• [EXERCISE GOAL]
Return the data that follows exactly, with each line intact.

Caption-style text data
************

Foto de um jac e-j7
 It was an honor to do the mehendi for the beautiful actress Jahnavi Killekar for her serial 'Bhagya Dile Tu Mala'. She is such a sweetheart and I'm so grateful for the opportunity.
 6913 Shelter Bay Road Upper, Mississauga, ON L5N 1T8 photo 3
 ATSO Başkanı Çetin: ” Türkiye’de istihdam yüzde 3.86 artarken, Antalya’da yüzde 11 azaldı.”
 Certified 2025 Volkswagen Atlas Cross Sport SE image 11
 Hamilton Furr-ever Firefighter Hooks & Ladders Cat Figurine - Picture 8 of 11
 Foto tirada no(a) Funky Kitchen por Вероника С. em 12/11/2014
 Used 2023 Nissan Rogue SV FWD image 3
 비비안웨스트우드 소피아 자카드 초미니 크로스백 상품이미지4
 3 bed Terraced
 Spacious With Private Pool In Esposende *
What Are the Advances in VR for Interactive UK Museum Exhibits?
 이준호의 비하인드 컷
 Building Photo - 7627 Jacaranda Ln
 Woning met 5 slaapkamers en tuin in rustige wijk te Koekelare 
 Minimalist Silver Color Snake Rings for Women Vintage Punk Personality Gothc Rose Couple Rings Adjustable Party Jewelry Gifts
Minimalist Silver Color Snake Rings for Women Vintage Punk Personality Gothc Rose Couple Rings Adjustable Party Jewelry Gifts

************

• [EXPECTED OUTPUT]
Foto de um jac e-j7
 It was an honor to do the mehendi for the beautiful actress Jahnavi Killekar for her serial 'Bhagya Dile Tu Mala'. She is such a sweetheart and I'm so grateful for the opportunity.
 6913 Shelter Bay Road Upper, Mississauga, ON L5N 1T8 photo 3
 ATSO Başkanı Çetin: ” Türkiye’de istihdam yüzde 3.86 artarken, Antalya’da yüzde 11 azaldı.”
 Certified 2025 Volkswagen Atlas Cross Sport SE image 11
 Hamilton Furr-ever Firefighter Hooks & Ladders Cat Figurine - Picture 8 of 11
 Foto tirada no(a) Funky Kitchen por Вероника С. em 12/11/2014
 Used 2023 Nissan Rogue SV FWD image 3
 비비안웨스트우드 소피아 자카드 초미니 크로스백 상품이미지4
 3 bed Terraced
 Spacious With Private Pool In Esposende *
What Are the Advances in VR for Interactive UK Museum Exhibits?
 이준호의 비하인드 컷
 Building Photo - 7627 Jacaranda Ln
 Woning met 5 slaapkamers en tuin in rustige wijk te Koekelare 
 Minimalist Silver Color Snake Rings for Women Vintage Punk Personality Gothc Rose Couple Rings Adjustable Party Jewelry Gifts
Minimalist Silver Color Snake Rings for Women Vintage Punk Personality Gothc Rose Couple Rings Adjustable Party Jewelry Gifts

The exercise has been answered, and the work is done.